(Stored records)
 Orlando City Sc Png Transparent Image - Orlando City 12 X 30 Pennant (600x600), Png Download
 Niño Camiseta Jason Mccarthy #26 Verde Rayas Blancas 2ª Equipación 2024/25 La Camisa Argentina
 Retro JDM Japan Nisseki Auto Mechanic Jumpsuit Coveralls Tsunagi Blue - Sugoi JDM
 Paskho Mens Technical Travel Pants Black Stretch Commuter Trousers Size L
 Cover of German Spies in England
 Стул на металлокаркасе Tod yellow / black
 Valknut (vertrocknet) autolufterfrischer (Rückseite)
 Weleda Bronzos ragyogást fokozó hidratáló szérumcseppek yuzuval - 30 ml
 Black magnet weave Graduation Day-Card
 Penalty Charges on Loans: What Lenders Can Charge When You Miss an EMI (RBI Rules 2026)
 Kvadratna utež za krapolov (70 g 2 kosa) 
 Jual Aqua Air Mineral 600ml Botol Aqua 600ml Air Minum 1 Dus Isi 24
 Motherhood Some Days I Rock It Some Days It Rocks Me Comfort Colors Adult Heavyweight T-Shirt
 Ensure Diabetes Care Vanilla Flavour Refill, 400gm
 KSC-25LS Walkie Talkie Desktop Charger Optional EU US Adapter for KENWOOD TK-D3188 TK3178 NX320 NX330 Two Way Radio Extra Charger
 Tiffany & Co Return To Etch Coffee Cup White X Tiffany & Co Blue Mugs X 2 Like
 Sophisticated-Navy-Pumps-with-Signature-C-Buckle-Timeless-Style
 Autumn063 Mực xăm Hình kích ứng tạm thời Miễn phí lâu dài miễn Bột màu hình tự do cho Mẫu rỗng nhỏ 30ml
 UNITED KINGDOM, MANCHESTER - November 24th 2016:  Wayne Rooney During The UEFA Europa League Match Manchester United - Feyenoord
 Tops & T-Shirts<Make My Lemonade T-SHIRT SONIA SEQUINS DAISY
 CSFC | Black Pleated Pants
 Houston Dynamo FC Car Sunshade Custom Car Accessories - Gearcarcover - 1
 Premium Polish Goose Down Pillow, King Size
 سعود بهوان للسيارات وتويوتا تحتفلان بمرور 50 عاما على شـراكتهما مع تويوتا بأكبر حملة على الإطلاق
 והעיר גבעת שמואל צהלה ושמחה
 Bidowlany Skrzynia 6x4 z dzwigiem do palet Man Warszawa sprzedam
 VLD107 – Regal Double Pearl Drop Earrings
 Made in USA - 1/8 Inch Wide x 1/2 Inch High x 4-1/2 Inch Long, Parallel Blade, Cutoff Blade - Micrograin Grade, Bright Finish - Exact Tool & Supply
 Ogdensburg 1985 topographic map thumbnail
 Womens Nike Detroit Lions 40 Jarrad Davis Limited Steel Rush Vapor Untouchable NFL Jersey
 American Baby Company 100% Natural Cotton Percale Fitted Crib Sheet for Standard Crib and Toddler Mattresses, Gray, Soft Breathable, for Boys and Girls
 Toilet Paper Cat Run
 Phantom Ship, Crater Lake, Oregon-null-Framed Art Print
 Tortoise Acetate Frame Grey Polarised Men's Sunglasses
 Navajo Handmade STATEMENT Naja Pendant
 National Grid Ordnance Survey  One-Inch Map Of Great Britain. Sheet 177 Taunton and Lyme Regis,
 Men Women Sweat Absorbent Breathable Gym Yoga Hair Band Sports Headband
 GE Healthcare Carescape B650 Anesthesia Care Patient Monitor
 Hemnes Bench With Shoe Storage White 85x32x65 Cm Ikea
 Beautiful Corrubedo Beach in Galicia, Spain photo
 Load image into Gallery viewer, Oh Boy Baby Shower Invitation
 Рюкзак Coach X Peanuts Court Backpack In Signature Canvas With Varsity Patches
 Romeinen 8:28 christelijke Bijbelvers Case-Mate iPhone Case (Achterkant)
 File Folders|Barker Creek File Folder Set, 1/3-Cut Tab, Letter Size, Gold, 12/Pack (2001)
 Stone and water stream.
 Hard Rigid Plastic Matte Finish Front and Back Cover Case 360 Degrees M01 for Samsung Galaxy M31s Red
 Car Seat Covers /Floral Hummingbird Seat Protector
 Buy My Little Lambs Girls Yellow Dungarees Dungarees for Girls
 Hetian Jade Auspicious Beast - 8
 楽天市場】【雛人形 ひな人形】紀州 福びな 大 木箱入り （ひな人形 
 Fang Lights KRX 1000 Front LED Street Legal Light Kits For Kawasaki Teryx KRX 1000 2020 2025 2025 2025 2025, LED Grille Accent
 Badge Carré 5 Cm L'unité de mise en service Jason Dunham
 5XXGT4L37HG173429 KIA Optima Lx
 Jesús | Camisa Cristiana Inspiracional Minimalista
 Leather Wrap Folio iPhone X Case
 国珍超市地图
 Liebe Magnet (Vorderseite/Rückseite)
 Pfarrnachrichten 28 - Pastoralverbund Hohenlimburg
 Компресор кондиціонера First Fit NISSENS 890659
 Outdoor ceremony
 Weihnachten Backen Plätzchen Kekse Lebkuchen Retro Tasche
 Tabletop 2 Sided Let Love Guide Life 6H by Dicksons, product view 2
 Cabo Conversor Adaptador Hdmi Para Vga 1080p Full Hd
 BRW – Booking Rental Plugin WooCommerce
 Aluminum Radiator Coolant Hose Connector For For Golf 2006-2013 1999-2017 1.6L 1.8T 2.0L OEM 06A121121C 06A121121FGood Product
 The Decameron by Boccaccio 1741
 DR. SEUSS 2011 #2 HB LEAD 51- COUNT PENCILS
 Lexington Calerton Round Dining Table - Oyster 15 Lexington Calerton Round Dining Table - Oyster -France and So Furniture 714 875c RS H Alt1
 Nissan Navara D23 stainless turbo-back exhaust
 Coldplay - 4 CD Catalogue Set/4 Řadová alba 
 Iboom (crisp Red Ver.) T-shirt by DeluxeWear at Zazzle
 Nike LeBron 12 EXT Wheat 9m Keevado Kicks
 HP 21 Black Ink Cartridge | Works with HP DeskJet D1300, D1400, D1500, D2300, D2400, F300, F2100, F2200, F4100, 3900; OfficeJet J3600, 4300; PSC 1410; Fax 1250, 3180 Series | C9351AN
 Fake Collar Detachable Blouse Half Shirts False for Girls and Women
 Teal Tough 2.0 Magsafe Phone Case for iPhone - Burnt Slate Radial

→ Required work
Word for word, copy out all of the data shown above.

→ Completed exercise
 Orlando City Sc Png Transparent Image - Orlando City 12 X 30 Pennant (600x600), Png Download
 Niño Camiseta Jason Mccarthy #26 Verde Rayas Blancas 2ª Equipación 2024/25 La Camisa Argentina
 Retro JDM Japan Nisseki Auto Mechanic Jumpsuit Coveralls Tsunagi Blue - Sugoi JDM
 Paskho Mens Technical Travel Pants Black Stretch Commuter Trousers Size L
 Cover of German Spies in England
 Стул на металлокаркасе Tod yellow / black
 Valknut (vertrocknet) autolufterfrischer (Rückseite)
 Weleda Bronzos ragyogást fokozó hidratáló szérumcseppek yuzuval - 30 ml
 Black magnet weave Graduation Day-Card
 Penalty Charges on Loans: What Lenders Can Charge When You Miss an EMI (RBI Rules 2026)
 Kvadratna utež za krapolov (70 g 2 kosa) 
 Jual Aqua Air Mineral 600ml Botol Aqua 600ml Air Minum 1 Dus Isi 24
 Motherhood Some Days I Rock It Some Days It Rocks Me Comfort Colors Adult Heavyweight T-Shirt
 Ensure Diabetes Care Vanilla Flavour Refill, 400gm
 KSC-25LS Walkie Talkie Desktop Charger Optional EU US Adapter for KENWOOD TK-D3188 TK3178 NX320 NX330 Two Way Radio Extra Charger
 Tiffany & Co Return To Etch Coffee Cup White X Tiffany & Co Blue Mugs X 2 Like
 Sophisticated-Navy-Pumps-with-Signature-C-Buckle-Timeless-Style
 Autumn063 Mực xăm Hình kích ứng tạm thời Miễn phí lâu dài miễn Bột màu hình tự do cho Mẫu rỗng nhỏ 30ml
 UNITED KINGDOM, MANCHESTER - November 24th 2016:  Wayne Rooney During The UEFA Europa League Match Manchester United - Feyenoord
 Tops & T-Shirts<Make My Lemonade T-SHIRT SONIA SEQUINS DAISY
 CSFC | Black Pleated Pants
 Houston Dynamo FC Car Sunshade Custom Car Accessories - Gearcarcover - 1
 Premium Polish Goose Down Pillow, King Size
 سعود بهوان للسيارات وتويوتا تحتفلان بمرور 50 عاما على شـراكتهما مع تويوتا بأكبر حملة على الإطلاق
 והעיר גבעת שמואל צהלה ושמחה
 Bidowlany Skrzynia 6x4 z dzwigiem do palet Man Warszawa sprzedam
 VLD107 – Regal Double Pearl Drop Earrings
 Made in USA - 1/8 Inch Wide x 1/2 Inch High x 4-1/2 Inch Long, Parallel Blade, Cutoff Blade - Micrograin Grade, Bright Finish - Exact Tool & Supply
 Ogdensburg 1985 topographic map thumbnail
 Womens Nike Detroit Lions 40 Jarrad Davis Limited Steel Rush Vapor Untouchable NFL Jersey
 American Baby Company 100% Natural Cotton Percale Fitted Crib Sheet for Standard Crib and Toddler Mattresses, Gray, Soft Breathable, for Boys and Girls
 Toilet Paper Cat Run
 Phantom Ship, Crater Lake, Oregon-null-Framed Art Print
 Tortoise Acetate Frame Grey Polarised Men's Sunglasses
 Navajo Handmade STATEMENT Naja Pendant
 National Grid Ordnance Survey  One-Inch Map Of Great Britain. Sheet 177 Taunton and Lyme Regis,
 Men Women Sweat Absorbent Breathable Gym Yoga Hair Band Sports Headband
 GE Healthcare Carescape B650 Anesthesia Care Patient Monitor
 Hemnes Bench With Shoe Storage White 85x32x65 Cm Ikea
 Beautiful Corrubedo Beach in Galicia, Spain photo
 Load image into Gallery viewer, Oh Boy Baby Shower Invitation
 Рюкзак Coach X Peanuts Court Backpack In Signature Canvas With Varsity Patches
 Romeinen 8:28 christelijke Bijbelvers Case-Mate iPhone Case (Achterkant)
 File Folders|Barker Creek File Folder Set, 1/3-Cut Tab, Letter Size, Gold, 12/Pack (2001)
 Stone and water stream.
 Hard Rigid Plastic Matte Finish Front and Back Cover Case 360 Degrees M01 for Samsung Galaxy M31s Red
 Car Seat Covers /Floral Hummingbird Seat Protector
 Buy My Little Lambs Girls Yellow Dungarees Dungarees for Girls
 Hetian Jade Auspicious Beast - 8
 楽天市場】【雛人形 ひな人形】紀州 福びな 大 木箱入り （ひな人形 
 Fang Lights KRX 1000 Front LED Street Legal Light Kits For Kawasaki Teryx KRX 1000 2020 2025 2025 2025 2025, LED Grille Accent
 Badge Carré 5 Cm L'unité de mise en service Jason Dunham
 5XXGT4L37HG173429 KIA Optima Lx
 Jesús | Camisa Cristiana Inspiracional Minimalista
 Leather Wrap Folio iPhone X Case
 国珍超市地图
 Liebe Magnet (Vorderseite/Rückseite)
 Pfarrnachrichten 28 - Pastoralverbund Hohenlimburg
 Компресор кондиціонера First Fit NISSENS 890659
 Outdoor ceremony
 Weihnachten Backen Plätzchen Kekse Lebkuchen Retro Tasche
 Tabletop 2 Sided Let Love Guide Life 6H by Dicksons, product view 2
 Cabo Conversor Adaptador Hdmi Para Vga 1080p Full Hd
 BRW – Booking Rental Plugin WooCommerce
 Aluminum Radiator Coolant Hose Connector For For Golf 2006-2013 1999-2017 1.6L 1.8T 2.0L OEM 06A121121C 06A121121FGood Product
 The Decameron by Boccaccio 1741
 DR. SEUSS 2011 #2 HB LEAD 51- COUNT PENCILS
 Lexington Calerton Round Dining Table - Oyster 15 Lexington Calerton Round Dining Table - Oyster -France and So Furniture 714 875c RS H Alt1
 Nissan Navara D23 stainless turbo-back exhaust
 Coldplay - 4 CD Catalogue Set/4 Řadová alba 
 Iboom (crisp Red Ver.) T-shirt by DeluxeWear at Zazzle
 Nike LeBron 12 EXT Wheat 9m Keevado Kicks
 HP 21 Black Ink Cartridge | Works with HP DeskJet D1300, D1400, D1500, D2300, D2400, F300, F2100, F2200, F4100, 3900; OfficeJet J3600, 4300; PSC 1410; Fax 1250, 3180 Series | C9351AN
 Fake Collar Detachable Blouse Half Shirts False for Girls and Women
 Teal Tough 2.0 Magsafe Phone Case for iPhone - Burnt Slate Radial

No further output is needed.